RGU’s first Innovation Accelerator

RGU’s first Innovation Accelerator
Edward Pollock, Startup Coordinator and Lecturer in Event Management at RGU, writes about how RGU’s latest accelerator programme reflects on the challenges exacerbated by the Covid-19 pandemic and opens opportunities for impactful innovations to participate.

At the start of March 2020, we were halfway through Cohort 2 of our award-winning Startup Accelerator programme, with 21 teams collaborating, developing business models, and testing their concepts. One of our most memorable moments was everyone together in a room taking part in a drumming workshop and team building games before their first pitches. A few weeks later, it all changed and suddenly we had to go online.

We had to dramatically alter our approach to supporting new businesses and yet, despite the challenges, our teams continued to progress their ideas and at the end of May – thousands watched online at our final showcase. We are much like every business sector, reactively implementing changes to keep people safe and continue to deliver our activities. As we look forward, we recognise our world is very different, and we needed to innovate further to make a difference.
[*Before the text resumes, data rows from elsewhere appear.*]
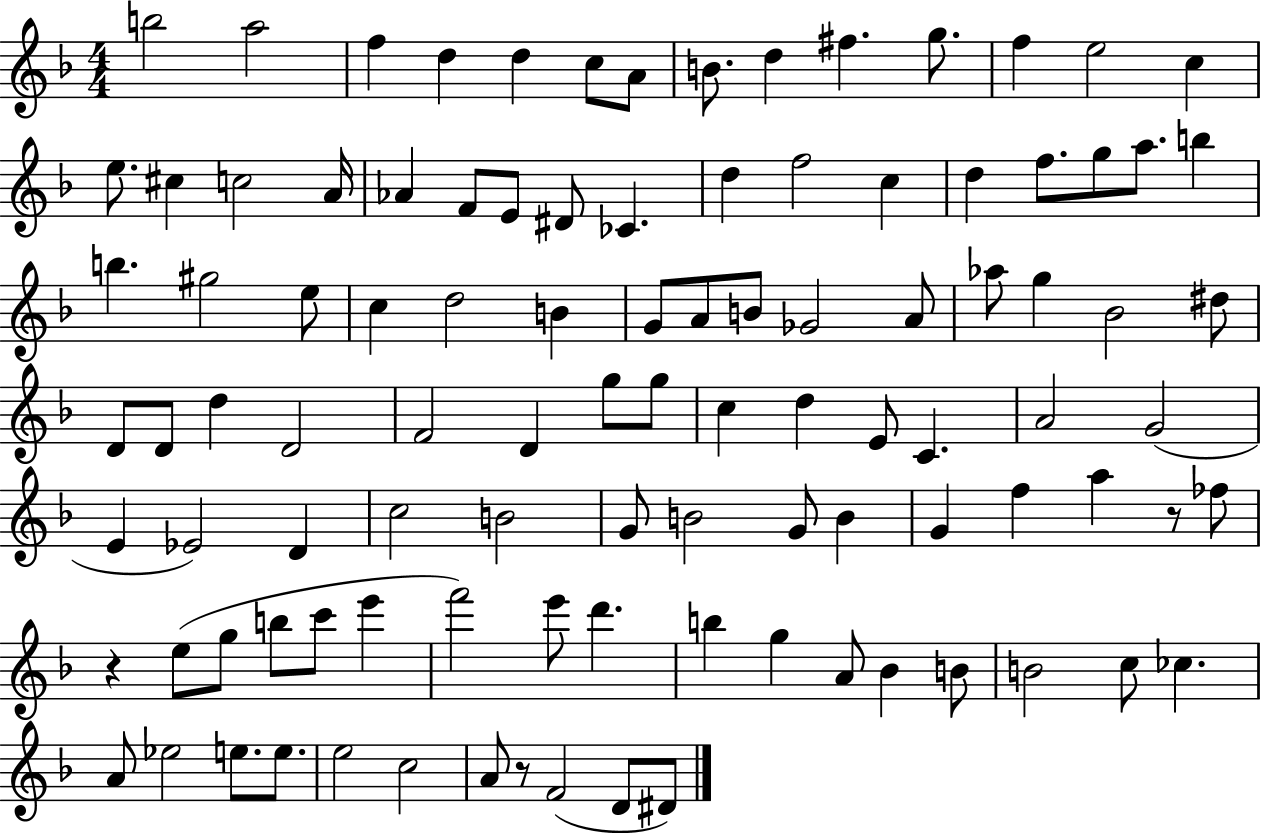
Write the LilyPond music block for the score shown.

{
  \clef treble
  \numericTimeSignature
  \time 4/4
  \key f \major
  b''2 a''2 | f''4 d''4 d''4 c''8 a'8 | b'8. d''4 fis''4. g''8. | f''4 e''2 c''4 | \break e''8. cis''4 c''2 a'16 | aes'4 f'8 e'8 dis'8 ces'4. | d''4 f''2 c''4 | d''4 f''8. g''8 a''8. b''4 | \break b''4. gis''2 e''8 | c''4 d''2 b'4 | g'8 a'8 b'8 ges'2 a'8 | aes''8 g''4 bes'2 dis''8 | \break d'8 d'8 d''4 d'2 | f'2 d'4 g''8 g''8 | c''4 d''4 e'8 c'4. | a'2 g'2( | \break e'4 ees'2) d'4 | c''2 b'2 | g'8 b'2 g'8 b'4 | g'4 f''4 a''4 r8 fes''8 | \break r4 e''8( g''8 b''8 c'''8 e'''4 | f'''2) e'''8 d'''4. | b''4 g''4 a'8 bes'4 b'8 | b'2 c''8 ces''4. | \break a'8 ees''2 e''8. e''8. | e''2 c''2 | a'8 r8 f'2( d'8 dis'8) | \bar "|."
} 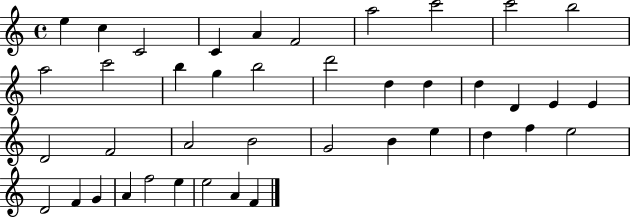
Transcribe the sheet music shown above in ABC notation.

X:1
T:Untitled
M:4/4
L:1/4
K:C
e c C2 C A F2 a2 c'2 c'2 b2 a2 c'2 b g b2 d'2 d d d D E E D2 F2 A2 B2 G2 B e d f e2 D2 F G A f2 e e2 A F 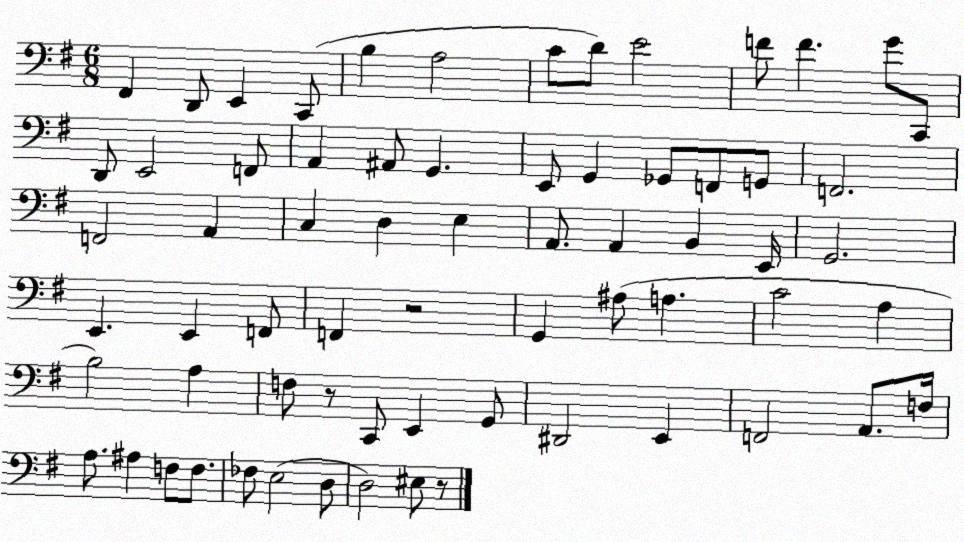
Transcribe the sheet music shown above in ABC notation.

X:1
T:Untitled
M:6/8
L:1/4
K:G
^F,, D,,/2 E,, C,,/2 B, A,2 C/2 D/2 E2 F/2 F G/2 C,,/2 D,,/2 E,,2 F,,/2 A,, ^A,,/2 G,, E,,/2 G,, _G,,/2 F,,/2 G,,/2 F,,2 F,,2 A,, C, D, E, A,,/2 A,, B,, E,,/4 G,,2 E,, E,, F,,/2 F,, z2 G,, ^A,/2 A, C2 A, B,2 A, F,/2 z/2 C,,/2 E,, G,,/2 ^D,,2 E,, F,,2 A,,/2 F,/4 A,/2 ^A, F,/2 F,/2 _F,/2 E,2 D,/2 D,2 ^E,/2 z/2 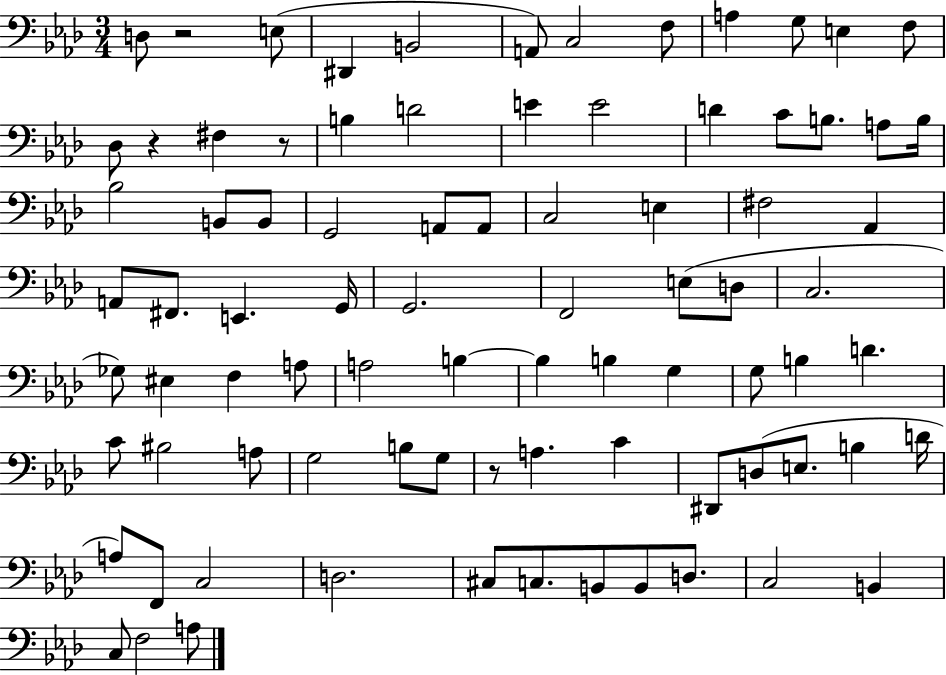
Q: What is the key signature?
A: AES major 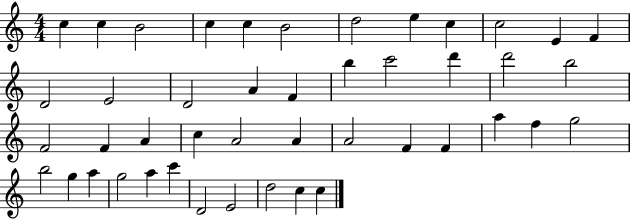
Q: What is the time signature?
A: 4/4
As part of Global Entrepreneurship Week 2020, this November we are launching our third cohort of the programme, however this time as our first Innovation Accelerator. This impact-focused programme will come with many of the same benefits as before – mentorship, five months of online training from February to June 2021, and access to resources and co-working space, however in this cycle we are seeking impactful ideas across key global challenges.

With our world dramatically changed due to the pandemic, it is our responsibility as a university to alleviate the suffering and challenge faced by so many and inspire innovators to push boundaries. At the Entrepreneurship and Innovation Group, we debated if we would run a third cohort, as we asked ourselves – is now the right time to be starting a business? Despite the circumstances, we know it is entrepreneurs who have the agility and ingenuity to be curious, experiment with new ideas which can disrupt the market and make a difference.

While we are open to all ideas from all subject areas, we chose to focus this year’s programme on challenges aligned with the United Nations Sustainable Development Goals and Public Health Scotland’s strategy.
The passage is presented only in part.